In April 1808 Nymphe was cruising off Lisbon, in company with the 18-gun sloop , Commander George Pigot, when Captain Shipley learned that the 20-gun brig Gaivota was lying by Belém Castle, making ready to sail. At 21:00 on the evening of 23 April a force of eight boats with 150 officers and men from Nymphe and Blossom set out to capture her. Unfortunately, a strong ebb tide fed by heavy rains set in, slowing their approach and it was not until 02:30 that the boats of Nymphe reached the brig. Captain Shipley led the boarders, climbing the fore-rigging and attempting to cut away the boarding-netting, but he was shot and fell into the river. His brother, Charles Shipley, serving as a volunteer, immediately ordered the gig to pick him up, but the boats fell afoul of each other and became entangled with a caulking stage moored astern. Having lost the element of surprise, and with the boats of Blossom failing to reach the brig, the enterprise was abandoned. As well as her captain, Nymphe lost a seaman, and one marine was wounded. Captain Shipley's body was later recovered and it was evident that he had been killed instantly by a musket ball through the forehead. Commander Pigot was appointed by Admiral Sir Charles Cotton, the commander-in-chief on the coast of Portugal, to be Captain Shipley's successor on board Nymphe; and on 17 September he was confirmed in his post-rank. Captain The Hon. Josceline Percy, was later appointed to command her, while operating off the coast of Spain.

===1810 & loss===
On 14 May 1810 Captain Edward Sneyd Clay assumed command. On 26 October 1810 he captured the 2-gun Danish privateer Norwegian Girl.

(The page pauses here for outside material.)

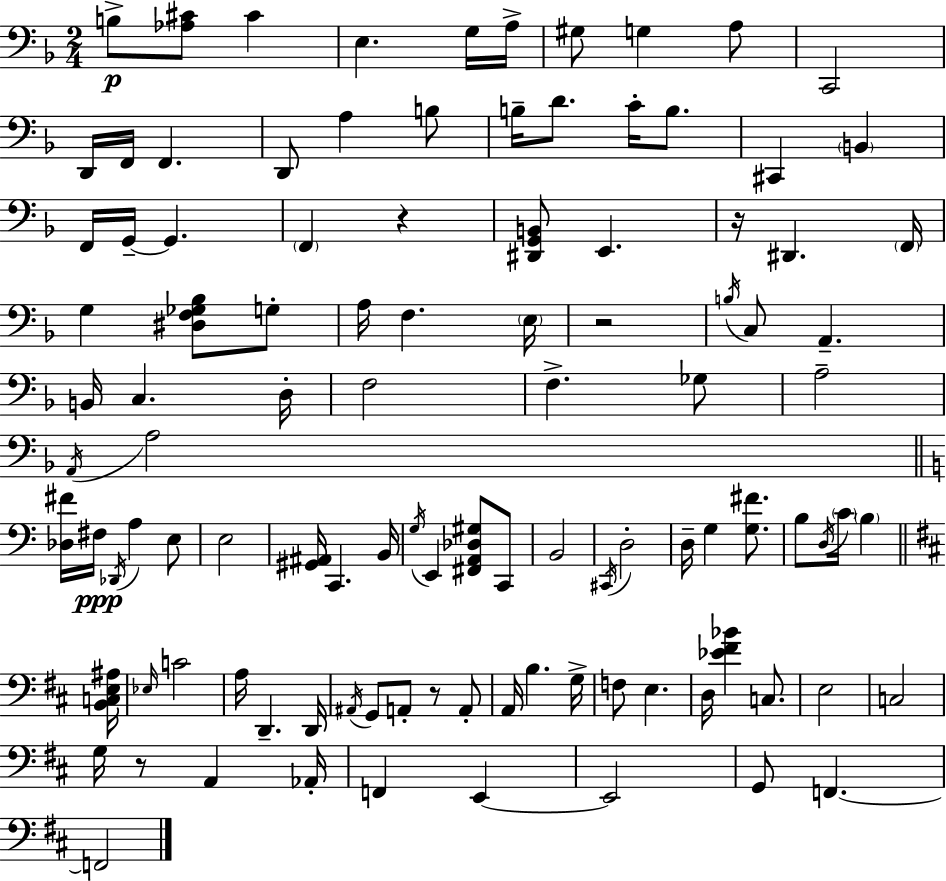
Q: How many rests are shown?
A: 5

On the evening of 18 December 1810 Nymphe and , were wrecked off Dunbar at the mouth of the Firth of Forth. All the crew except nine were saved. Captain Clay and his officers were cleared of blame at the subsequent court martial with the exception of Mr G. Scott, the master, and C. Gascoigne, the pilot, who were judged to have mistaken fires from a lime kiln on shore for the light on the Isle of May.